Bang Rak Phatthana (บางรักพัฒนา, /th/) is one of the eight subdistricts (tambon) of Bang Bua Thong District, in Nonthaburi Province, Thailand. Neighbouring subdistricts are (clockwise from north) Phimon Rat, Om Kret, Bang Rak Noi, Bang Rak Yai, Sao Thong Hin, Bang Mae Nang and Bang Khu Rat.
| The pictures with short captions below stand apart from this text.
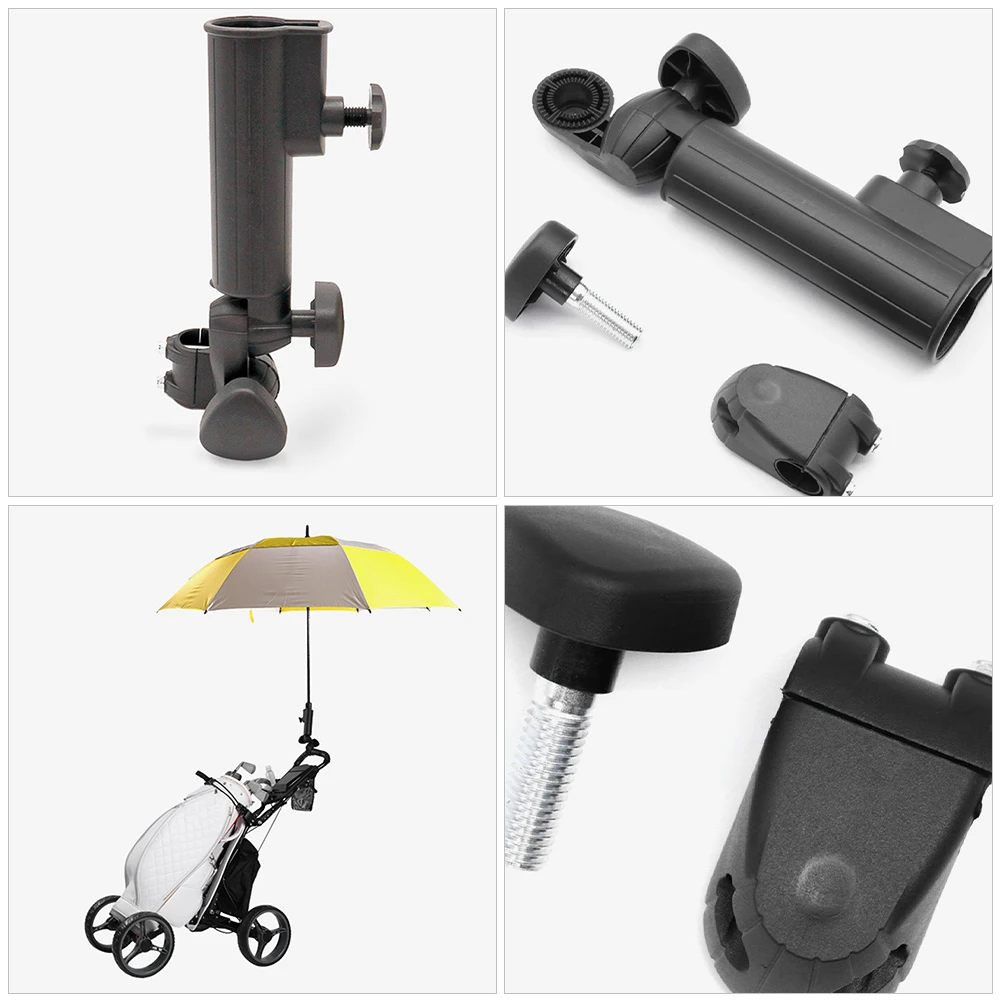 

Trolley Umbrella Storage Stand Holder for Golf Cart Accessories Carts Mount Organizer Rack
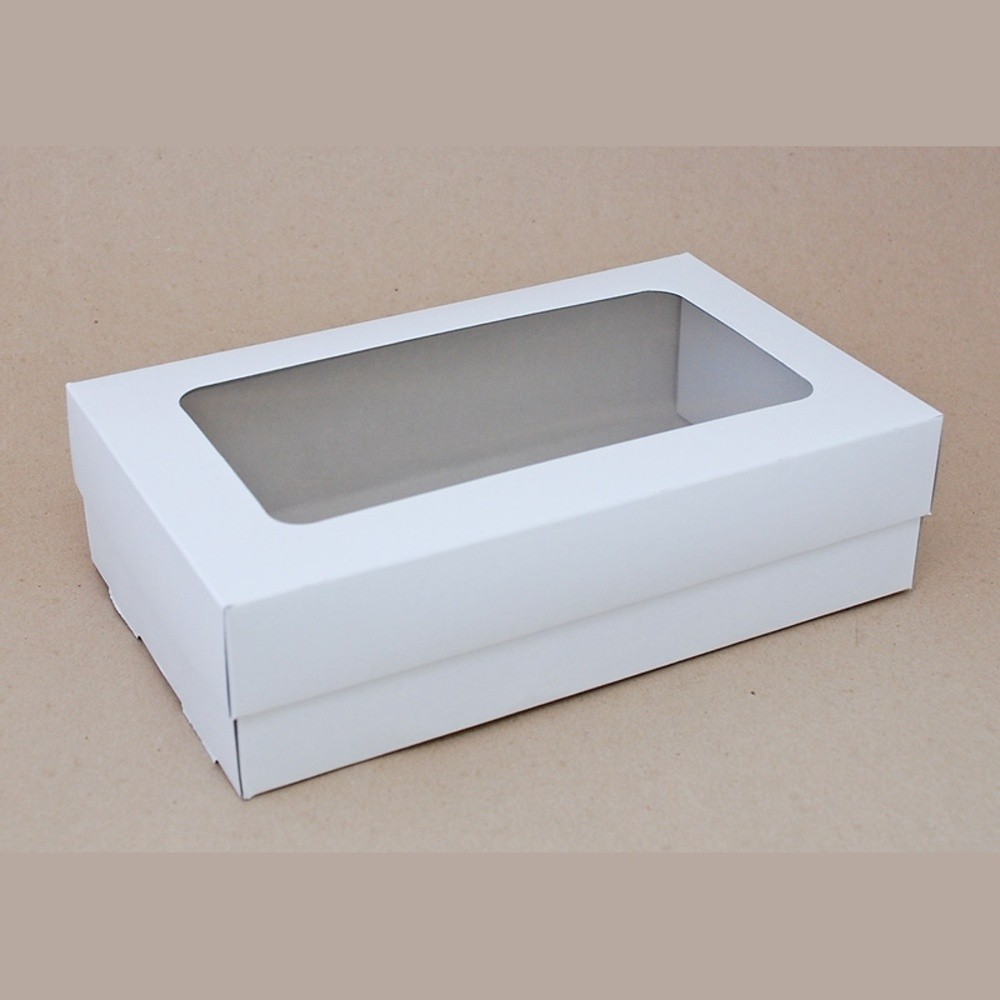 Krabice na vianočné pečivo - biela - 1kg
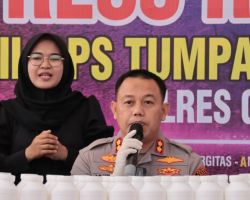 Polres Gresik Berhasil Ungkap 22 Kasus dan Amankan 31 Tersangka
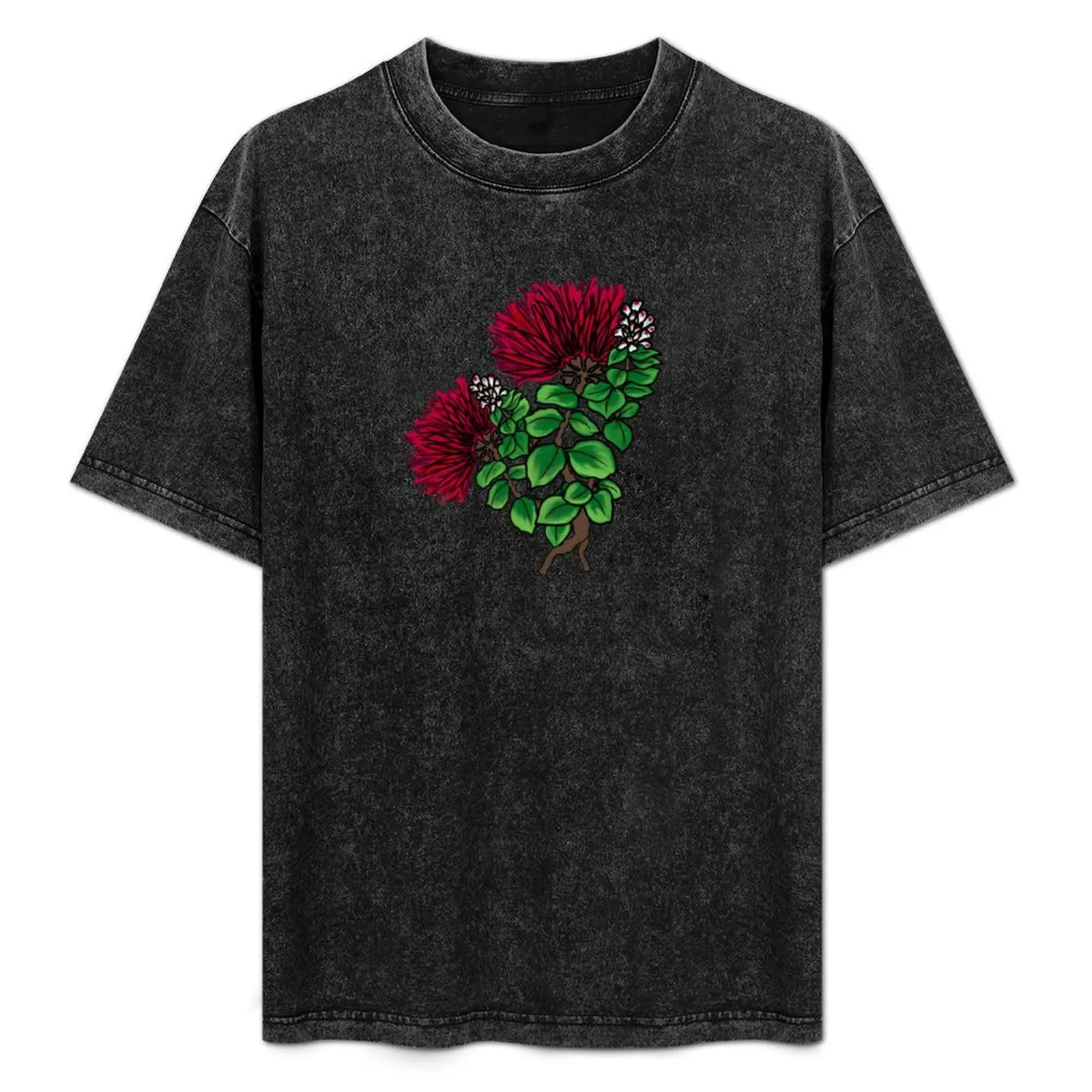 

Ohia Lehua - Hand-drawn Illustration T-Shirt street wear vintage graphic tee big and tall t shirts for men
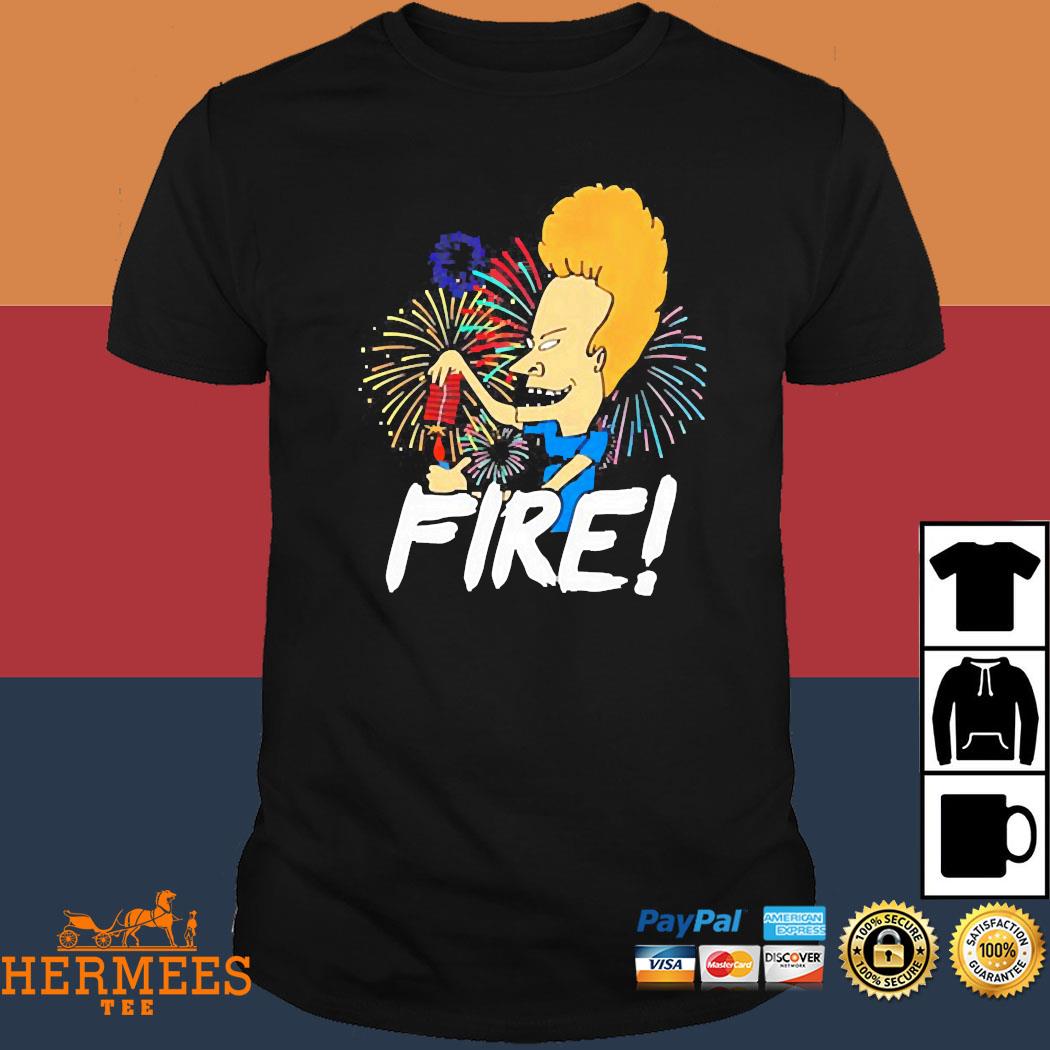 Beavis Fire Firework 4th Of July Shirt Ladies Shirt Hoodie And Tank Top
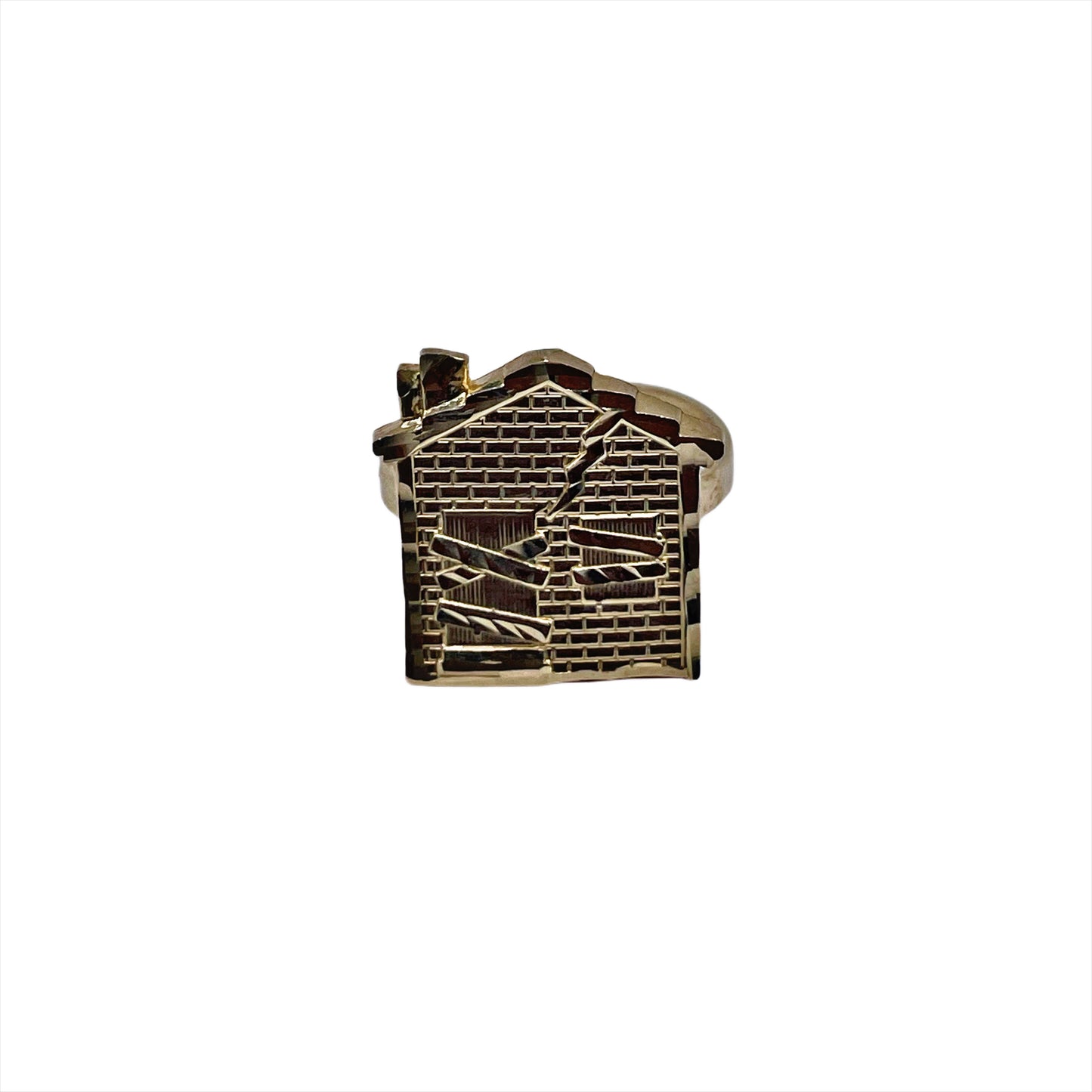 10K GOLD TRAP HOUSE RING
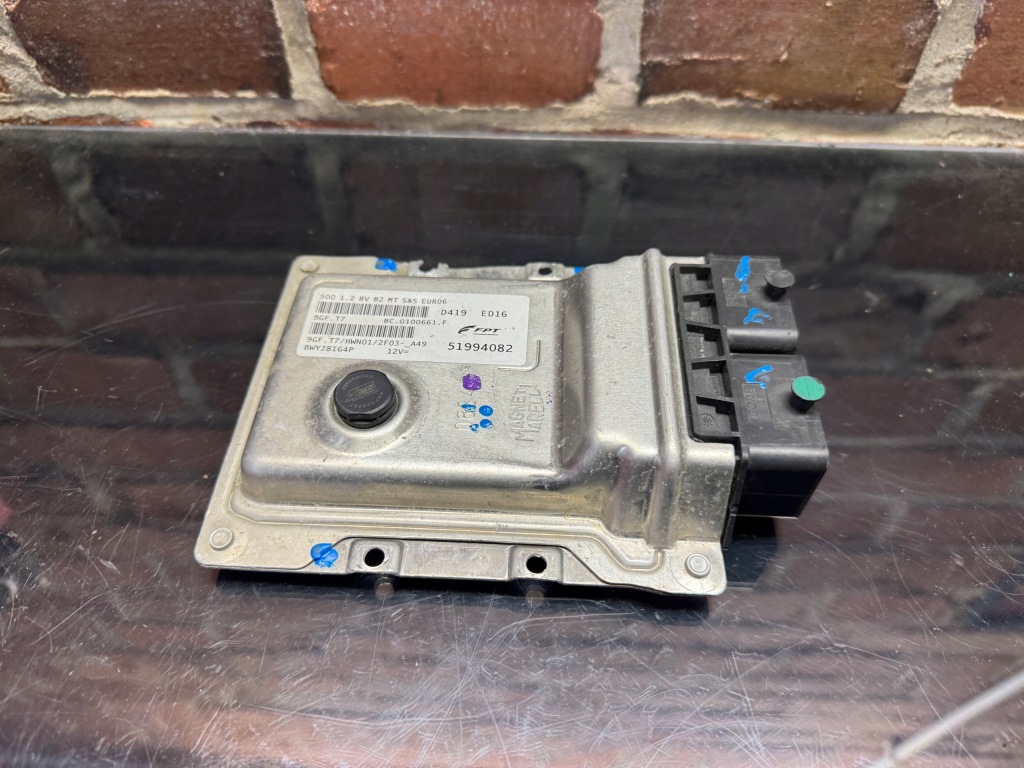 фото №1, Fiat 500 бортовой компьютер блок управления 51994082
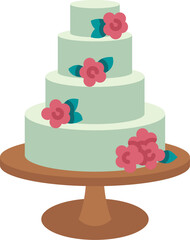 cake (2) illustration on a white background   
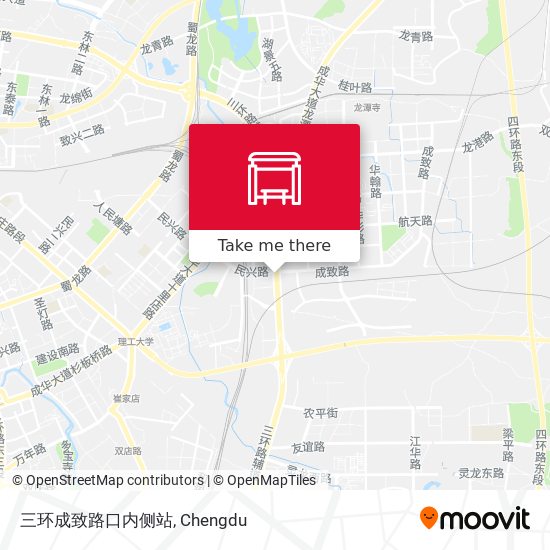 三环成致路口内侧站 map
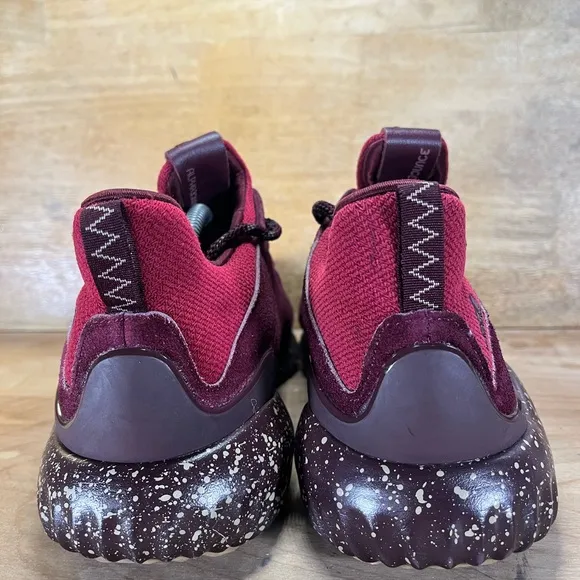 Adidas Alphabounce Leather/SUEDE Mens Size 11.5 Running Shoes Sneakers Maroon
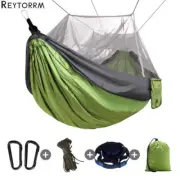 Mosquito Net Hammock Lightweight Nylon Best Parachute Hammock with Tree Straps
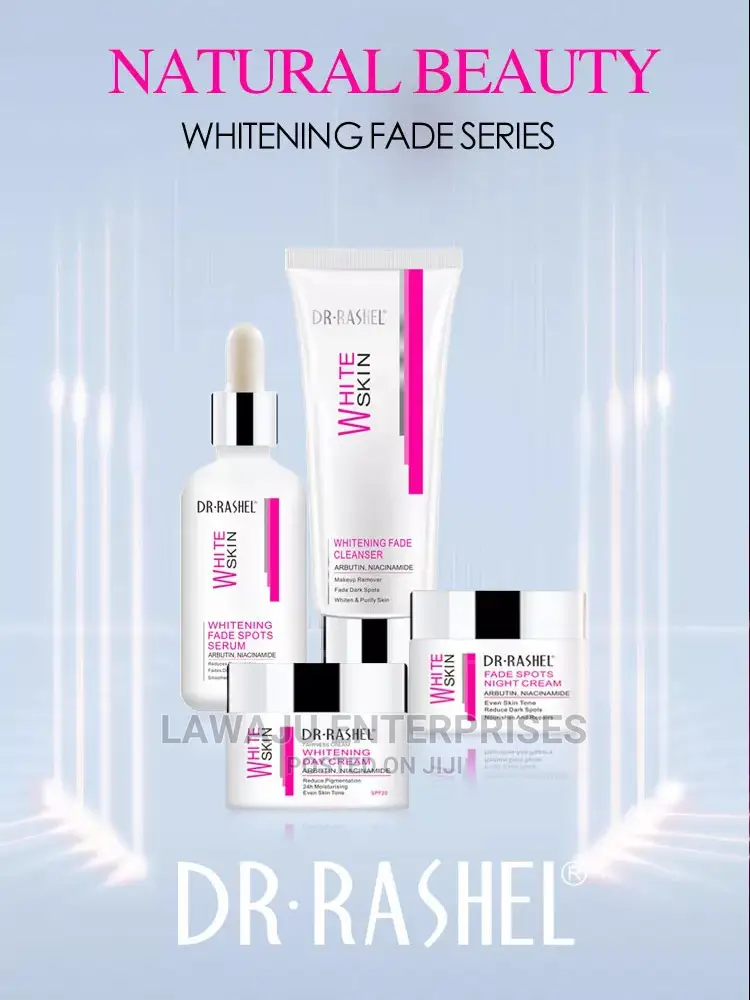 4pcs Dr. Rashel Whitening Fade Spot Cleanser,Serum+Cream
In 2020, it had a total population of 73,369 people.

==Administration==
===Central administration===
The subdistrict is subdivided into 15 administrative villages (muban).

| No. | Name | Thai |
|---|---|---|
| 01. | Ban Nong Bua | บ้านหนองบัว |
| 02. | Ban Khlong Bang Phraek | บ้านคลองบางแพรก |
| 03. | Ban Khlong Nio Khom (Ban Nio Khom) | บ้านคลองนิ้วค่อม (บ้านนิ้วค่อม) |
| 04. | Ban Bang Phraek (Ban Khlong Bang Phraek) | บ้านบางแพรก (บ้านคลองบางแพรก) |
| 05. | Ban Khlong Bang Phai (Ban Bang Phai) | บ้านคลองบางไผ่ (บ้านบางไผ่) |
| 06. | Ban Sano Loi (Ban Ao Krathon) | บ้านโสนลอย (บ้านอ่าวกระท้อน) |
| 07. | Ban Lat Pla Duk (Ban Plai Khlong Bang Phai) | บ้านลาดปลาดุก (บ้านปลายคลองบางไผ่) |
| 08. | Ban Khlong Wat Lat Pla Duk | บ้านคลองวัดลาดปลาดุก |
| 09. | Ban Ubon Kan | บ้านอุบลกาญจน์ |
| 10. | Ban Bua Thong | บ้านบัวทอง |
| 11. | Ban Plai Khlong Bang Phraek (Ban Khlong Bang Phraek Ton Plai) | บ้านปลายคลองบางแพรก (บ้านคลองบางแพรกตอนปลาย) |
| 12. | Ban Rattanathibet (Ban Rattanaphirom) | บ้านรัตนาธิเบศร์ (บ้านรัตนาภิรมย์) |
| 13. | Ban Udom Buri | บ้านอุดมบุรี |
| 14. | Ban Kritsada | บ้านกฤษดา |
| 15. | Ban Rung Rueang | บ้านรุ่งเรือง |

===Local administration===
The area of the subdistrict is shared by two local administrative organizations.
- Bang Rak Phatthana Town Municipality (เทศบาลเมืองบางรักพัฒนา)
- Bang Bua Thong Town Municipality (เทศบาลเมืองบางบัวทอง)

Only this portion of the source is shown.